Have you ever heard of the term “ecological footprint?” And if so, do you know what your ecological footprint is? According to the Global Footprint Network, the ecological footprint measures how fast we consume resources and generate waste compared to how fast nature can absorb our waste and generate new resources. At the beginning of the school year, one of the first things we did in our environmental science class, was to calculate our ecological footprint, which you can do as well, right here. On this website, you answer a series of questions about your lifestyle. At the end, they tell you how many planets it takes to support your lifestyle, if everyone lived like you. I don’t really remember how earths I had, but unfortunately, it was more than one.
Knowing my ecological footprint really made me think of how I impact the environment. Every day, we all do so many things, not knowing how they impact the environment, or maybe not even knowing that they impact the environment at all. Out of the top five major causes of environmental problems, one of them is ecological ignorance. We just don’t know what we are doing to the environment. That’s why we NEED to teach environmental science in schools.

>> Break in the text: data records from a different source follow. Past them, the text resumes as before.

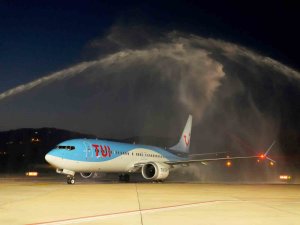 Amsterdam’dan Gazipaşa-Alanya Havalimanı’na ilk uçuş gerçekleştirildi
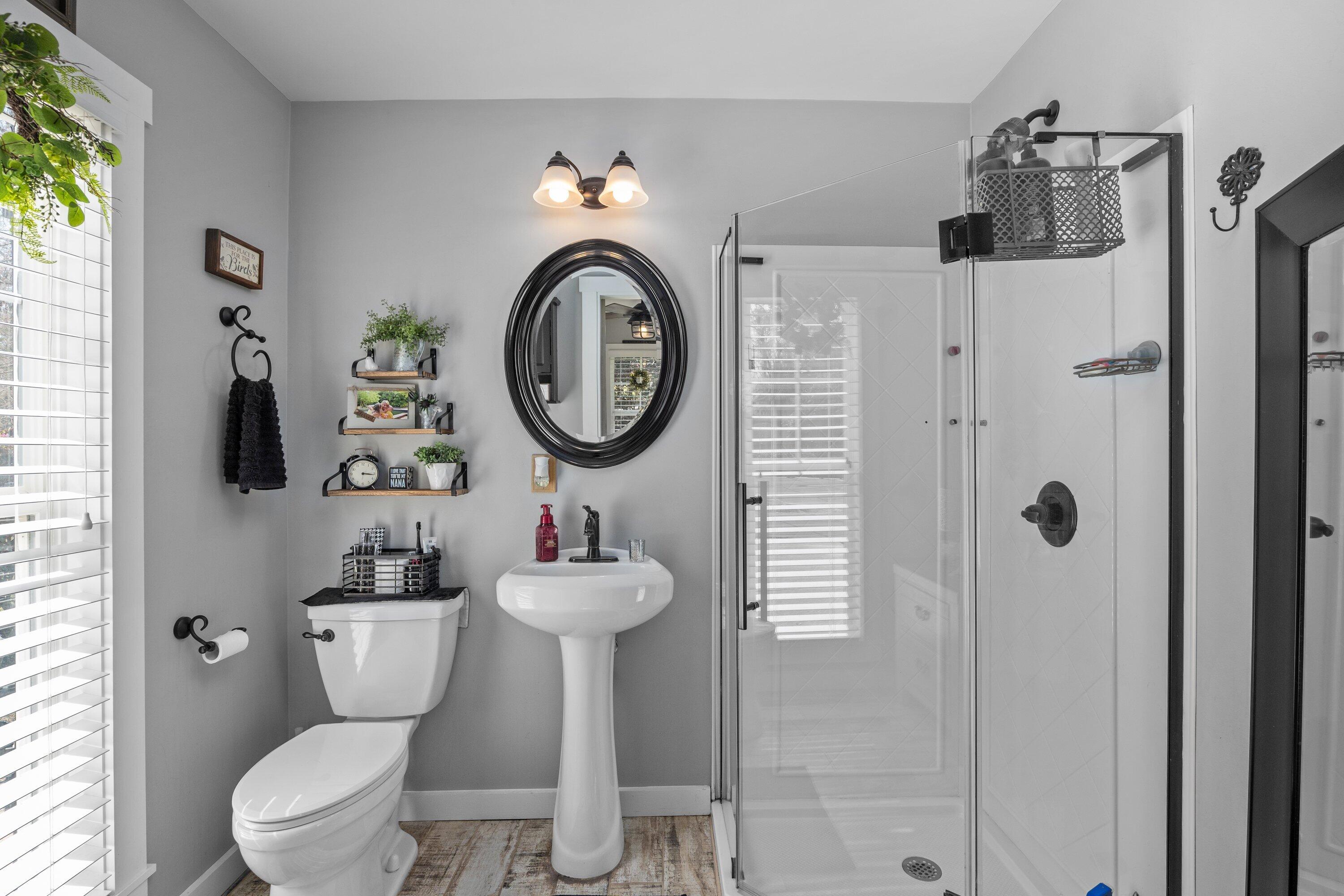 1884 Knobcone Avenue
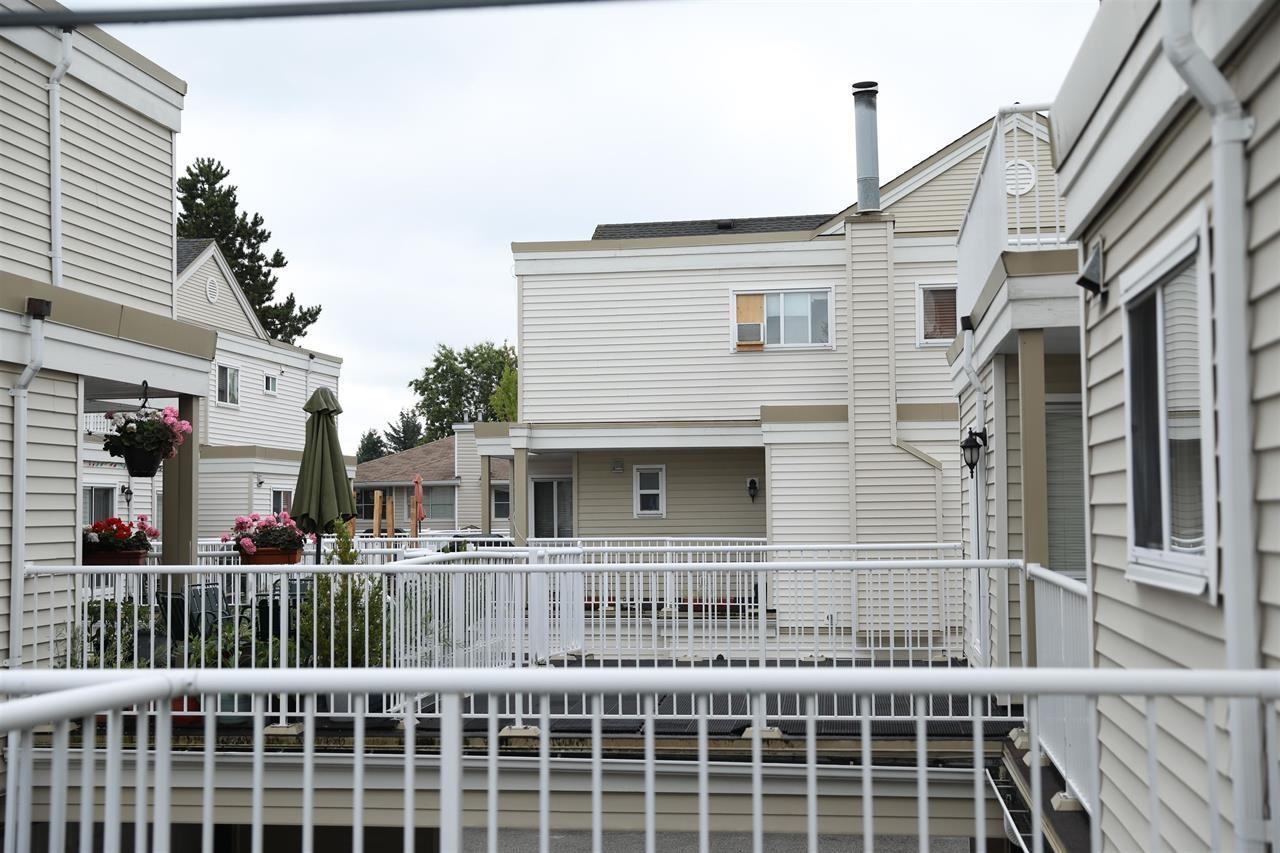 10077 156 Street Property Photo 4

If we don’t, people won’t know the changes they can make to help our earth.
The Global Footprint Network has calculated that if everyone had the same lifestyle as the average American, we would need 5 planets to sustain everyone. This is pretty embarrassing, in my opinion. Americans use up so many resources compared to several other countries. There is a way to live comfortably with enough food and water and clothing and shelter, without using up every single thing on the planet. If you read my post about the Possibility Alliance, then you are familiar with what I am talking about. The people who lived there, on the self-sustainable organic farm, found a way to do this. Of course a lot of the things that they do, we wouldn’t consider comfortable, but we could easily make adjustments. It just depends on how much you care.